Think Big, Stay Positive and Work Together

As my career is winding down, the young people I teach at Selkirk College are just stepping into their work as environmental technologists.  These learners are smart, committed, and sensitive to all the pressures, responsibilities, and opportunities this field of work has to offer.  They give me such confidence in the future.  In some ways, I’m envious of the work ahead for them. Society is undergoing a paradigm shift in its relationship with the environment. Engagement in public land (97% of BC’s landbase) management is at an all time high. The values that were once seen as secondary to the economic potential of our forests and lands are shifting to the forefront. Water, soil, biodiversity, fish, wildlife, recreation, cultural heritage, nature as a health provider and other values found in nature, are top of mind for many people in this province, and especially in the Columbia Basin. The recognition that a healthy environment translates to a healthy society is being understood and accepted all over the world. 

The shift in how we view nature is very much connected to the increased engagement with Indigenous peoples and perspectives connected to land and culture. Through the connections between western science, and Indigenous knowledge, we are finding alternate ways of answering questions on how to best protect our natural resources for generations to come. The diversity of thought will help guide us into a profoundly different way of looking at nature. 

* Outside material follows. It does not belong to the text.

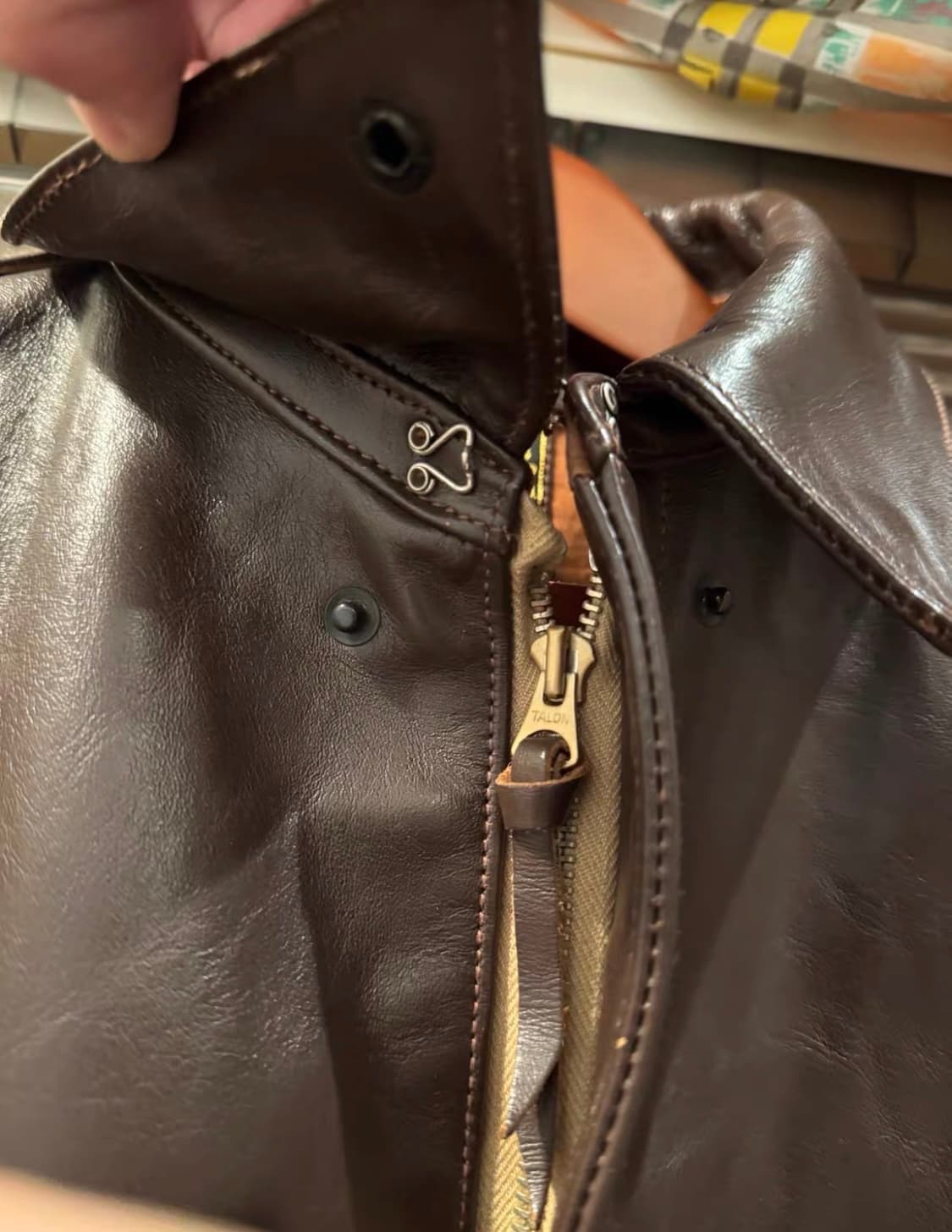 리얼 맥코이 a2 가죽 자켓 44 상품이미지4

In many ways, climate change has become a unifying force. In Columbia Basin Trust’s most recent Columbia Basin Management Plan, the people of the Basin asked that climate resiliency and Indigenous relationship building, be incorporated as an integrated priorities throughout the Trust’s work in the Basin. 

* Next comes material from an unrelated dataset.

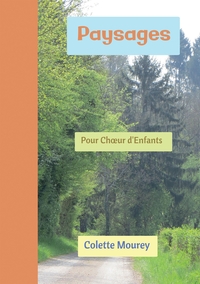 PAYSAGES - POUR CHOEUR D'ENFANTS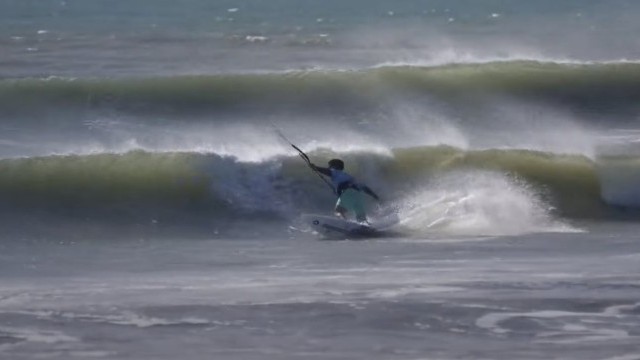 Copa Kitley Qatar Airways GKA Kite-Surf World Cup Brazil 2022 - DAY ONE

Last fall, the Trust launched the new Climate Resilience Program to support Basin communities in preparing for, responding to, and adapting to challenges associated with our changing environment. We know that local communities around the Columbia Basin care deeply about the environment and the impacts of climate change. We are so fortunate to have climate change experts who live in the Basin, along with engaged citizens that want to make a difference. Local entrepreneurs and educators are working hard to find innovative solutions to meet the unique challenges we face in the Basin. We need to continue to think big, stay positive, and work together to support a healthy environment for generations to come.